/cluster_gentrification_new_york

Cluster Classification using PCA, KMeans, and Hierarchical Agglomerative Clustering on 2000-2010 census data.

Primary LanguageJupyter Notebook

Detecting Gentrification in the Neighborhoods of New York City

By Paul Torres

Project

The goal of this project is to build a model that will be able to detect which neighborhoods are undergoing the process of gentrification.

The demographic makeup of neighborhoods in New York City can change dramatically in the years between the decennial national census'. Over the most recent decades, it has occurred because New York City has rebounded from the disastrous 1970's and areas have become desirable again. This means that what were once under served communities have become hot spots for development and expansion of upscale living. This phenomenon is known as gentrification.

Overview

Using compiled U.S. Census Data and American Community Survey Responses, I calculated the percentage change in each demographic category. These percent changes were then used to determine how the makeup of each census tract changed over the course of ten years from 2000 to 2010.

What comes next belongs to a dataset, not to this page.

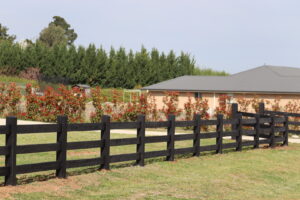 Saltram Rural Cypress Fence - Kentucky Horse Black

Next, came the clustering of census tracts. Using the features, both given and engineered, I ran the observations through several algorithms in order to determine the best way to cluster them in order to determine gentrification status.

Repository Structure

  • Images -- contains images created during EDA and those linked in README
  • Helpers.py -- contains functions that helped with the automation of data cleaning
  • 01_Data_Cleaning_Processing -- contains all of the data cleaning steps and techniques with markdowns explaining reasoning
  • 02_EDA -- exploring all of the features and how they affect each other.
  • 03_Clusters -- contains all the code that determine the gentrification level of census tracts while looking at other census tracts with similar feature levels
  • 04_Evaluation -- on a parallel track, determining the gentrification level using predetermined metrics established in academic papers. These metrics will be the real values with which I compare my algorithm

Business Case

Gentrification leads to displacement of whole communities that are under represented in local politics and most at risk for poverty related complications. A model that can identify a neighborhood at risk for gentrification would allow interested groups to reallocate resources to prevent displacement. A method that would be able to do so with the provided data would be helpful to community groups and government agencies to help those at risk for displacement.

  • Who would this model serve?
    1. Stakeholders include residents that are in areas that are susceptible to gentrification.
    2. Community groups that exist to empower residents to battle gentrification.
    3. Government agencies tasked with keeping housing affordable in under served communities.

  • What does this model take into account?
    1. The model tracks the trends in neighborhoods that have gentrified and compares them with current neighborhoods.
    2. While full counts of demographics may seem useful, it is actually more important to use the percent changes of each of the demographic categories.
    3. Through feature selection and determining feature importance, I will try and conclude what changes in the demographic is more important in determining gentrification.

Data

The data used to determine the classifications was obtained from Longitudinal Tract Database (LTDB) and the United States Census Bureau. Both full count data and sample data was used in this project.

Preprocessing (Data Cleaning & Feature Engineering)

Standard data cleaning in order to fill in missing values, dispose of observations that were heavily flawed, and remove observations that did not include residential areas but were in fact parks, prisons, or heavily commercial areas.

The next step was to change the actual counts of the data to percentage counts. This included calculating the percentage each demographic and housing type existed in each census tract. This process was repeated for the full count and sample data for both 2000 & 2010.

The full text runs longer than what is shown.